The figures above count only the students own federal loans. Adding PLUS loans (borrowed by parents or graduate students) gives a fuller picture of total borrowing at Florida Institute of Technology - Online.
| Group | Borrowers | Median debt incl. PLUS |
|---|---|---|
| All borrowers | 1174 | $21,580 |
| Completed (graduates) | 530 | $29,276 |
| Did not complete | 644 | $18,446 |
For students who completed, the median total debt including PLUS loans works out to a standard 10-year payment of about $348.12/mo.
Federal data lets us separate Stafford borrowers from the rest at Florida Institute of Technology - Online.
Any-Stafford Borrowers
| Cohort | Borrowers | Median debt incl. PLUS |
|---|---|---|
| Used a Stafford loan | 1145 | $21,700 |
| No Stafford loan | 29 | $18,325 |
Stafford This Year vs Not
| Cohort | Borrowers | Median debt incl. PLUS |
|---|---|---|
| Stafford loan this year | 797 | $27,255 |
| No Stafford loan this year | 377 | $13,800 |
Repayment burden translates the debt figures into what a borrower actually pays each month. Florida Institute of Technology - Online.

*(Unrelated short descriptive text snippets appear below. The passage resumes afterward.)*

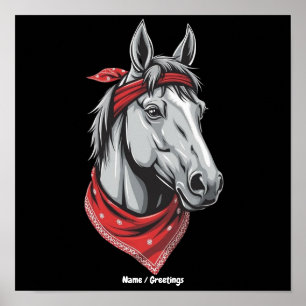Poster Lenços Vermelhos Divertidos para Amantes de Cavalo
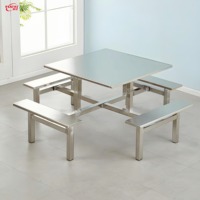 Table de cantine commerciale en acier inoxydable 304 soudé, robuste, avec deux bancs latéraux intégrés pour restaurant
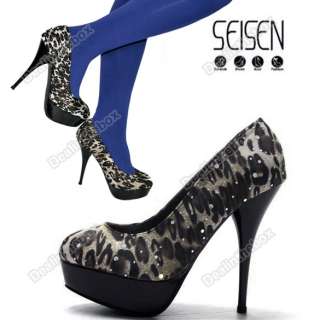 Vogue Crystal Ladies Stiletto Platform Pump High Heel Shoes Leopard 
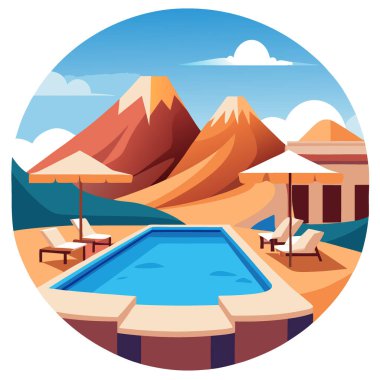 Sersemletici Dağ Görünümü Sonsuz Havuz Gevşemesi ile Lüks Çöl Tatil Havuzu. Yapay zeka üretildi. Vektör simgesi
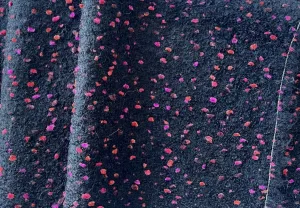 Chunky Persimmon & Magenta Flecked Black Wool Blend Bouclé (Made in Spain)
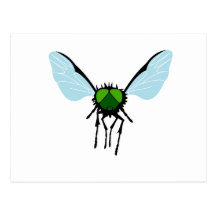Mosca de ojos verdes tarjeta postal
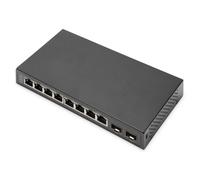 DIGITUS 10-Port Gigabit Network Switch - Unamanaged - 8x RJ45 ports - 2x SFP upl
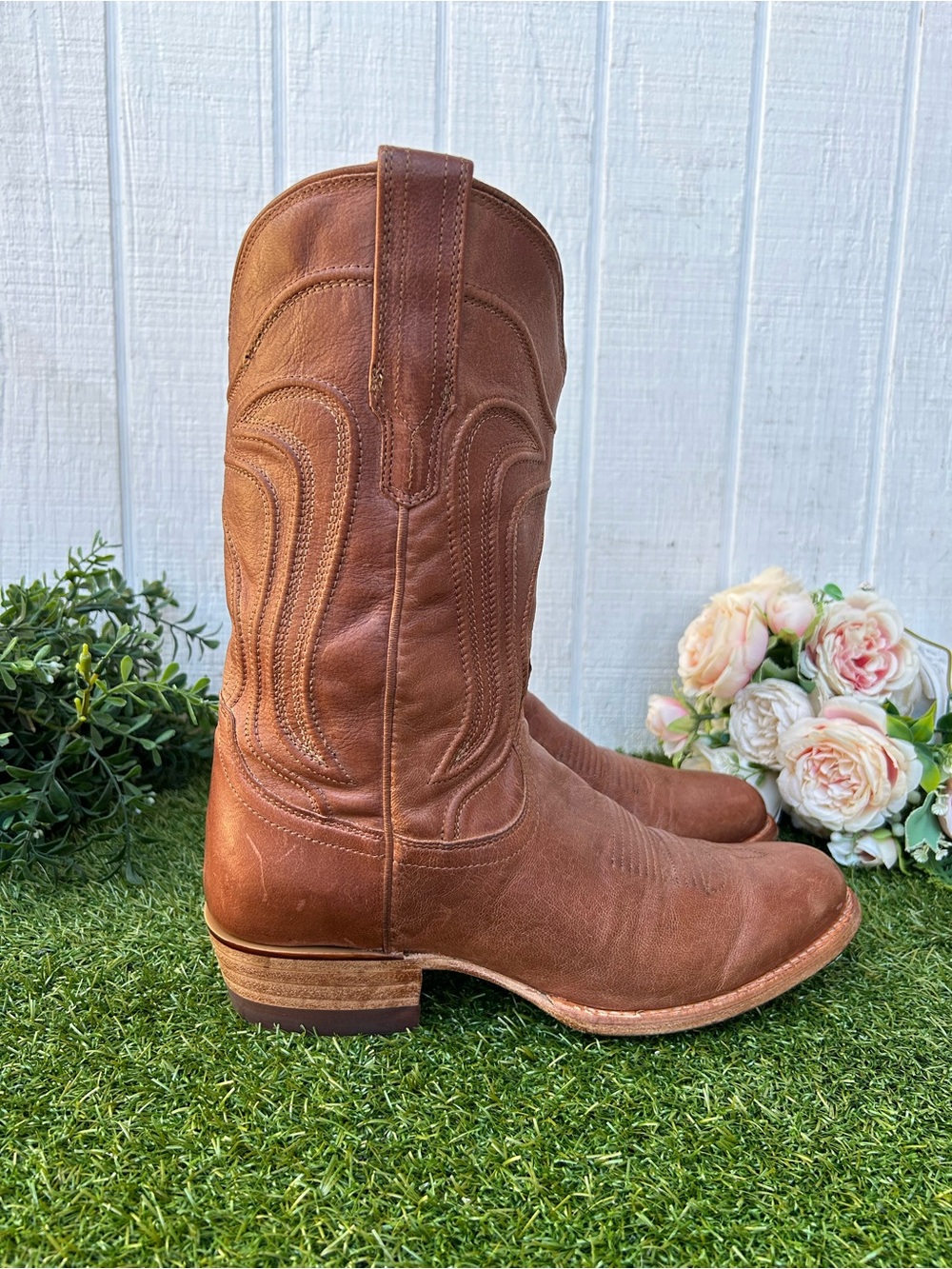 Tecovas Brown Cartwright Round-Toe Cowboy Boots men size 8.5D gently used - Picture 11 of 16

The default rate measures how many borrowers fall behind and ultimately fail to repay their federal loans. The official Department of Education two-year default rate for Florida Institute of Technology - Online follows.
| Metric | Value |
|---|---|
| 2-year cohort default rate | 10.7% |
| Borrowers in the cohort | 3160 |
A lower default rate generally signals that graduates earn enough to manage their loan payments.
The breakdowns below show median federal debt by income, first-generation status, and dependency.
By Family Income
| Income tier | Median federal debt |
|---|---|
| Low income | $12,125 |
| Middle income | $17,002 |
| High income | $16,250 |
First-Generation Comparison
| Cohort | Median federal debt |
|---|---|
| First-generation students | $13,782 |
| Continuing-generation students | $14,834 |
By Dependency Status
| Cohort | Median federal debt |
|---|---|
| Dependent students | $14,491 |
| Independent students | $13,750 |
These pre-calculated indicators summarize the borrowing gaps between cohorts at Florida Institute of Technology - Online.
The Difference Between Subsidized and Unsubsidized Loans
With an unsubsidized loan, interest starts adding up the day the loan is disbursed, including during school. Subsidized loans, by contrast, do not accrue interest while you are enrolled at least half-time, which makes them the less expensive option when you qualify.
Important to Remember
Declaring bankruptcy does not erase federal student loan debt. If you stop paying, the federal government can garnish a portion of your wages until the loans are repaid.
References
More about our data sources and methodologies.